そのT6.1は全長がおよそ4900mm、全幅(ミラーを除く)がおよそ1900mm、全高が1970mmとなっている。対するID.Buzzはと言えば、全長は4712mmと200mm近く短い一方で、全幅は1985mmで80mmほどワイド。全高は1938mmなどで、端的に言えば「ワイド&ロー」なマッシブなフォルムが与えられている。
注目すべきはホイールベースで、ID.Buzzは2988mmと、T6.1よりもわずかに12mmほどしか短くなっていない。おかげで人の居住性だけでなく、荷室の広さもサイズ感を超える。
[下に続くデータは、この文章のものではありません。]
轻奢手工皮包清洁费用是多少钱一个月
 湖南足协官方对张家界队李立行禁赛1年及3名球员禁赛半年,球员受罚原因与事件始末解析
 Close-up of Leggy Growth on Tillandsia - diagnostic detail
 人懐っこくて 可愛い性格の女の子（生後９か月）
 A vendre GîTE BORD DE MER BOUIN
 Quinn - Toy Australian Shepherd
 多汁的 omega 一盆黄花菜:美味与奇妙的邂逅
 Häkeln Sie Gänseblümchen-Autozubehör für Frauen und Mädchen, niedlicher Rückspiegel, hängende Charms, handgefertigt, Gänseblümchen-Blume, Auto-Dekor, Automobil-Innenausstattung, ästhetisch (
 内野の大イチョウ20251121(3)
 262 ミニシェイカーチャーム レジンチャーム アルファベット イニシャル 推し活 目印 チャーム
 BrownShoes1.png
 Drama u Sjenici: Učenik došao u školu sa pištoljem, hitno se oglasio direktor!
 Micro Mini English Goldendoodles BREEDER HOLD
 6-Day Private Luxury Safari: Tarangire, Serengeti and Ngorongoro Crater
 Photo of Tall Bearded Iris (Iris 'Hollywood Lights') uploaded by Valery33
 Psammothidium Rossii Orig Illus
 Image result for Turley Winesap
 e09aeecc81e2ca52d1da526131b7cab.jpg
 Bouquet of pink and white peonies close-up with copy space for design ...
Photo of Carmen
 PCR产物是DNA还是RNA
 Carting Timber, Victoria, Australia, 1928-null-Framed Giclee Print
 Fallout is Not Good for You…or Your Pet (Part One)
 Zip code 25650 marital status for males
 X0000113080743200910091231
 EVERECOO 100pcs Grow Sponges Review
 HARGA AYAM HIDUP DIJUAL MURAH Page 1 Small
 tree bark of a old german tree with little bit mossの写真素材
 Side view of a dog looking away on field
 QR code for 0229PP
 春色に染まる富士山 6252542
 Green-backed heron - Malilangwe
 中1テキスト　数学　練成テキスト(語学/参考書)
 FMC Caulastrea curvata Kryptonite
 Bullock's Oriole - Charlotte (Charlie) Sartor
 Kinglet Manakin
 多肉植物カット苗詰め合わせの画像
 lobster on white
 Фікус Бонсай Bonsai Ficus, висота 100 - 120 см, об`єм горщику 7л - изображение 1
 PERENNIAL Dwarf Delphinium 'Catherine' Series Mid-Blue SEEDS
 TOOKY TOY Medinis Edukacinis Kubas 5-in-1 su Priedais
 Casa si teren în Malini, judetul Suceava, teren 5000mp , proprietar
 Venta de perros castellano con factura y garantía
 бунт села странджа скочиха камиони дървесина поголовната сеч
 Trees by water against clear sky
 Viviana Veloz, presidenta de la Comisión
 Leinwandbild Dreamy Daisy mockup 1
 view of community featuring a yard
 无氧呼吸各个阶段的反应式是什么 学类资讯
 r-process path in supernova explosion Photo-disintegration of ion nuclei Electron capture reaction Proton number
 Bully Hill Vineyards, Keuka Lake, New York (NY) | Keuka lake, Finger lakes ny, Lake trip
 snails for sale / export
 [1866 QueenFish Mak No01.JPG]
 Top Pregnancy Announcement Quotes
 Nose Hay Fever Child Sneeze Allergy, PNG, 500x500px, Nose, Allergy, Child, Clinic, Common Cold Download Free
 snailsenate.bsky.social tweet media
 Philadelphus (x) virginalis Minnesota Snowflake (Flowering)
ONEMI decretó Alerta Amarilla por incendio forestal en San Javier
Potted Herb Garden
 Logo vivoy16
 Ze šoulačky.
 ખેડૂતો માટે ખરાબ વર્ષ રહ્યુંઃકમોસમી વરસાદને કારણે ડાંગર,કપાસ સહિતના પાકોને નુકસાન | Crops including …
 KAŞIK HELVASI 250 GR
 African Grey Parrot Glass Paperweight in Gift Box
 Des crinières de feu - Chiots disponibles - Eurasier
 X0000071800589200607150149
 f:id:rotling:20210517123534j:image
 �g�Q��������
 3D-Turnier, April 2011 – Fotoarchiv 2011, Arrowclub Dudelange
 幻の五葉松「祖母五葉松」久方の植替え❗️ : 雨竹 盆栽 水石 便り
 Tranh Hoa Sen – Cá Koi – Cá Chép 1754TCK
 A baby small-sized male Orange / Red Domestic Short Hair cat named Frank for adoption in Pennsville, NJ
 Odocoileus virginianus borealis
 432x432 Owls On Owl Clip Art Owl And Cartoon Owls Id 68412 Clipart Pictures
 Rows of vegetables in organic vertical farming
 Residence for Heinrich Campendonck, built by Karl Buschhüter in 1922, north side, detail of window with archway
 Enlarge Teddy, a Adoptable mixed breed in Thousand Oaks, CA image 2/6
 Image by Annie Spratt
フル乗車で1121Lの容量は、後席をフォールドすれば2205Lまで拡大される。このあたり、MEBプラットフォームの恩恵は明らかだ。
リアアクスル部分に電気モーター(200ps)とパワーマネジメント機構などの駆動系メカニズムをコンパクトにまとめ、補助ユニットは車体前部に配置、その間に77kWの駆動用バッテリーが効率的に配置される。圧倒的に短いフロントオーバーハングもまた、最新のMPVらしい躍動感を感じさせるポイントのひとつだろう。
ロングホイールベースで7人乗りの仕様も追加予定
ID.Buzzは「中期的ビジョン」として、ロングホイールベース仕様車の存在も明らかにされている。6~7人乗りの仕様ということだから、まさしく「バス」の領域に達することになる。
さらにT6.1と同じく、ハイクオリティなキャンピングカー仕様「カリフォルニア」のラインナップについても期待大。ということで、これからますますID.Buzzへの注目度は高まることになりそうだ。